Don’t miss out on the fun

This article was updated on May 8, 2018.

I get it — you’re busy. In addition to delivering services — whether it’s accounting, insurance, legal representation, financial advice or some other professional service — you might also be doing all that for your own business. So nobody would blame you if you put off year-end tasks like checking this year’s marketing ROI or prepping for tax time. No worries. We’re here to make sure you’re not hunched over your computer on December 31 while everyone else is dancing at end-of-year parties. How? With this year-end checklist for professional service firms.

3-step year-end checklist for professional service firms

With another year skidding to a close, it’s time to get started on those end-of-year tasks. You spend all year helping make others’ businesses run, now it’s time to put your own house in order. To make it easy, we’ve compiled this list.

  1. Audit your website.

  2. Get your financial house in order.

  3. Look back at the year’s marketing efforts.
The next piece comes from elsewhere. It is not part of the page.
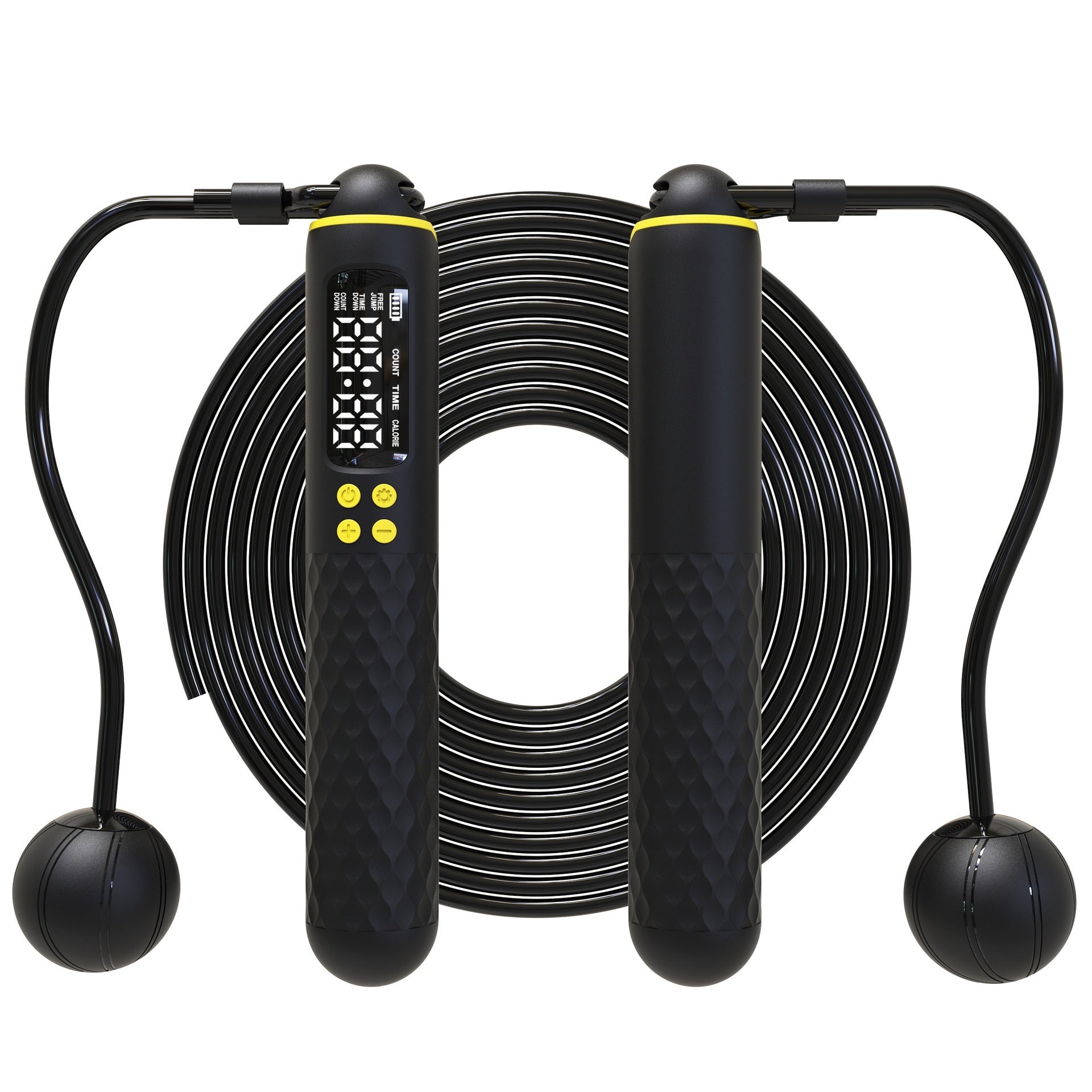 Smart Skipping Rope With Counter Weight-bearing Cordless Dual-use Fitness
There’s a bit more to each step then what meets the eye. Keep reading to see an in-depth break down.

1. Audit your website

Turns out, your clients don’t like static websites — which is why the most effective sites are those that are watched and updated regularly. Here are some things to check.

The basics

Look at your website as if you had never seen it before and knew nothing about your business. Check these things:

  • Is your navigation clear and intuitive?
  • Is there a Contact Us link on every page of your website?
  • If Contact Us triggers an automatic email, review the email content.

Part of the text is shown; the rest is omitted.